U.S. Military Pullout Hurt CIA Spying in Iraq
The Associated Press reports that “when John Maguire was a CIA officer in Beirut in the late 1980s during that country’s bloody civil war, he spent weeks living in safe houses far from the U.S. Embassy, dodging militants who wanted to kidnap and kill Americans.”
“‘We moved all over the city, and we would not sleep in the same place two nights in a row,’ Maguire said.
“In Iraq in 2014, by contrast, CIA officers have been largely hunkered down in their heavily fortified Baghdad compound since U.S. troops left the country in 2011, current and former officials say, allowing a once-rich network of intelligence sources to wither. Maguire and other current and former U.S. officials say the intelligence pullback is a big reason the U.S. was caught flat-footed by the recent offensive by a Sunni-backed al-Qaida-inspired group that has seized a large swath of Iraq.”
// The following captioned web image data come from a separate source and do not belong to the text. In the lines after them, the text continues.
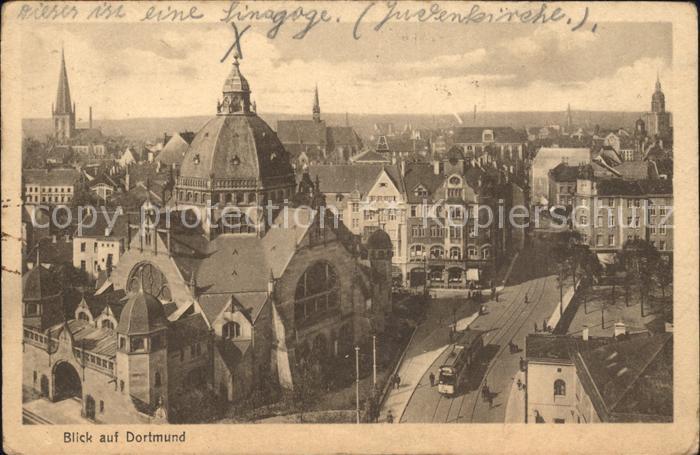 Strassenbahn Dortmund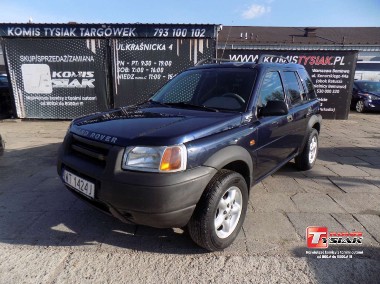 Land Rover Freelander I-1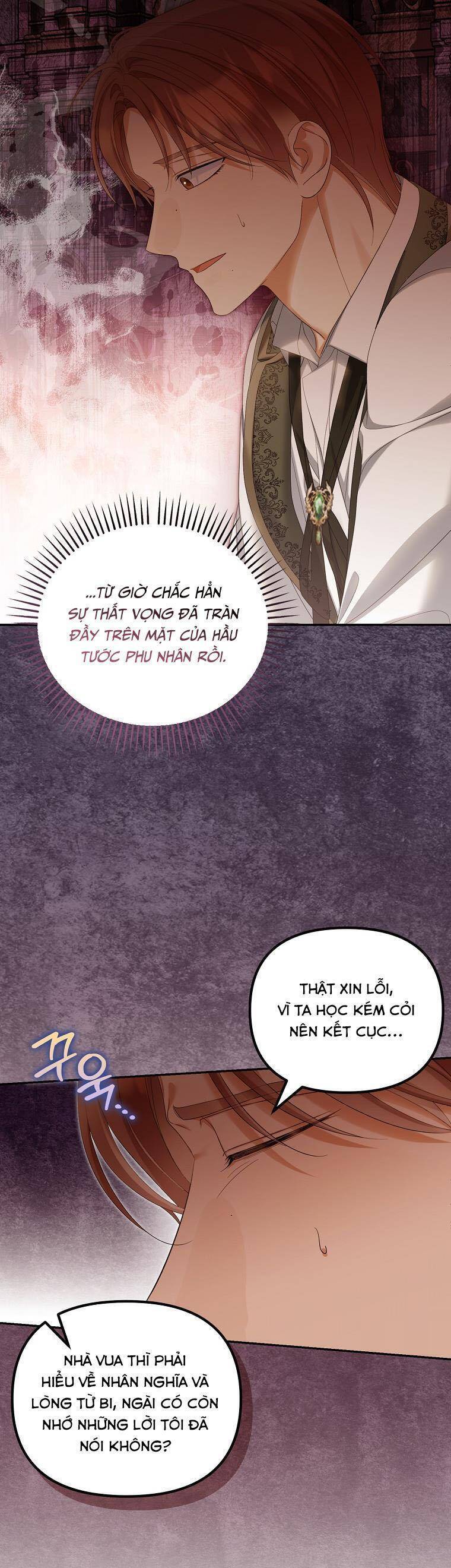 Sao Lại Ám Ảnh Cô Vợ Giả Mạo Quá Vậy? Chap 60 - Next Chap 61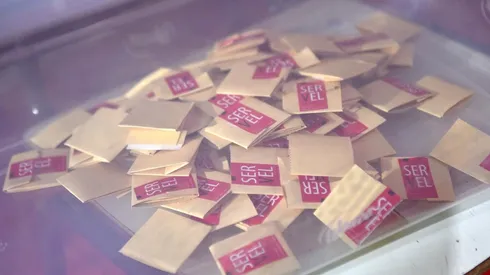 Conoce aquí cómo son las papeletas de senadores.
“Iraq is emblematic, they say, of how a security-conscious CIA is finding it difficult to spy aggressively in dangerous environments without military protection. Intelligence blind spots have left the U.S. behind the curve on fast-moving world events, they say, whether it’s disintegration in Iraq, Russia’s move into Crimea or the collapse of several governments during the Arab Spring.”